The percentage of requests to your Supabase auto-generated REST API that returned a 5xx server error over the last five minutes. PostgREST is the layer that turns your Postgres schema into a REST API: every time your app calls supabase.from('orders').select(...), it hits PostgREST, which translates that into SQL and runs it. For most Supabase apps, PostgREST is the backend. A 5xx here is not a client mistake (that would be a 4xx); it is the server failing to fulfil a valid request. When this climbs, your app is throwing errors to real users: products will not load, carts will not save, checkout fails. Anything above 1% means a measurable slice of your traffic is breaking.


What it tracks	The share of PostgREST responses with a 5xx status code (500, 502, 503, 504) over the rolling window: failed requests divided by total requests, times 100.
Data source	Supabase API gateway / PostgREST request logs, surfaced via the project Logs (API/PostgREST) and the API analytics. Each request is logged with its status code, path, and timing.
Time window	`5m` rolling. Fast enough to catch a regression within minutes of a deploy, short enough that a transient blip clears quickly.
Alert trigger	`>1%`. Above this, the card turns red and feeds the Nerve Centre incident feed. For a customer-facing API, 1% is already a lot of broken sessions. Tune per project in the Sensitivity tab.
Why it matters	PostgREST is the request path for the whole app. A 5xx spike here is the closest single number to “the app is down”. Unlike a slow query (which is annoying), a 5xx is a hard failure the user sees as a broken page.
Reading the value	0 to 0.1% is normal background noise. 0.1 to 1% means something is degraded; find the failing path. Above 1% is an incident. A sudden jump to several percent right after a deploy is a regression; a slow climb usually means a resource ceiling (pool, memory, disk).
Roles	engineering, platform/SRE, owner

Calculation

The gauge is the ratio of 5xx responses to total responses over the window:

PostgREST 5xx Error Rate % = (5xx responses / total responses) × 100

Only 5xx status codes count as failures here: 500 (internal error), 502 (bad gateway), 503 (service unavailable), 504 (gateway timeout). These are server-side failures. Deliberately excluded:

4xx codes (400, 401, 403, 404, 409, 422) are client errors: a malformed query, a missing JWT, a Row Level Security policy denial, a unique-constraint conflict. These are not server failures and belong on a different signal; lumping them in would mask real outages behind routine auth rejections.
2xx and 3xx are successes and form the bulk of the denominator.

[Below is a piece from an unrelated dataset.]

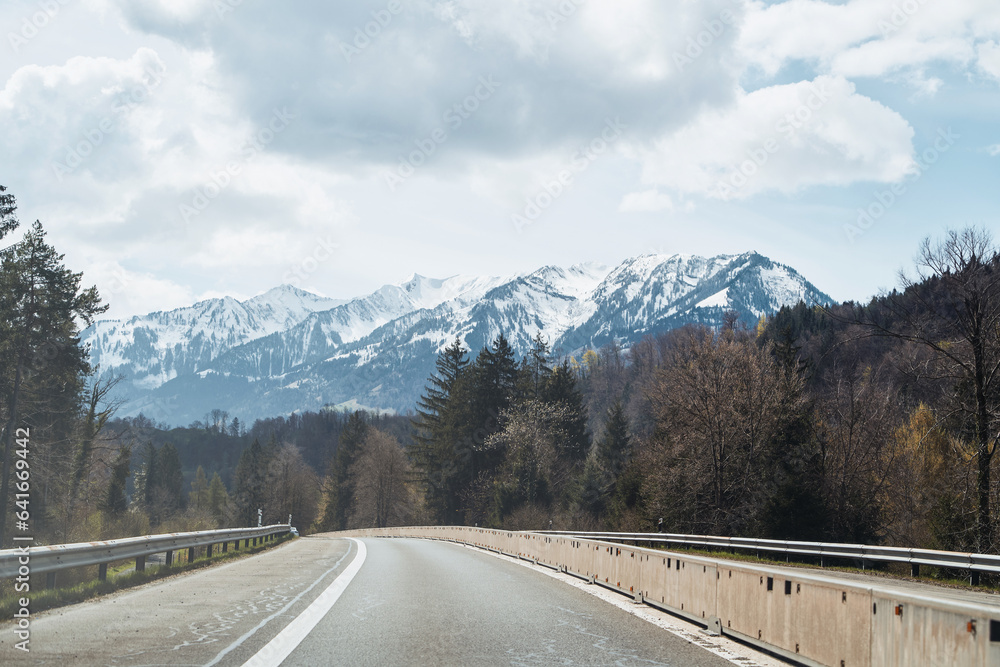 Scenic Mountain Road Landscape. A Stunning Highway Journey through Colorful Nature in Europe. Nature landscape on a beautiful highway. car driving on the highway in spring.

What actually produces a PostgREST 5xx in practice:

Connection pool exhaustion: PostgREST cannot get a database connection, so it returns 503/504. This is the single most common cause and links directly to Supavisor saturation.
Statement timeouts: a query exceeds the configured statement_timeout and PostgREST returns an error.
Database errors: a query hits a deadlock, an out-of-memory condition, or a Postgres-side fault that bubbles up as a 5xx.
PostgREST restarts / schema-cache reloads: during a schema reload or a restart, in-flight requests can briefly 5xx.
Upstream gateway issues: the API gateway in front of PostgREST returns 502/503 if PostgREST is unreachable.

The window is rolling 5 minutes, so a burst lifts the rate within a poll or two and decays out once resolved. Note the denominator effect on low-traffic projects: a handful of 5xx against a small request count produces a large percentage, so the Sensitivity tab offers a minimum-request floor to avoid false alarms during quiet periods.

Worked example

A platform team runs a headless storefront whose entire data layer is Supabase via PostgREST. The app calls PostgREST for product listings, cart operations, and order creation. Snapshot reviewed on 28 Apr 26 at 20:30 BST during an evening promotion.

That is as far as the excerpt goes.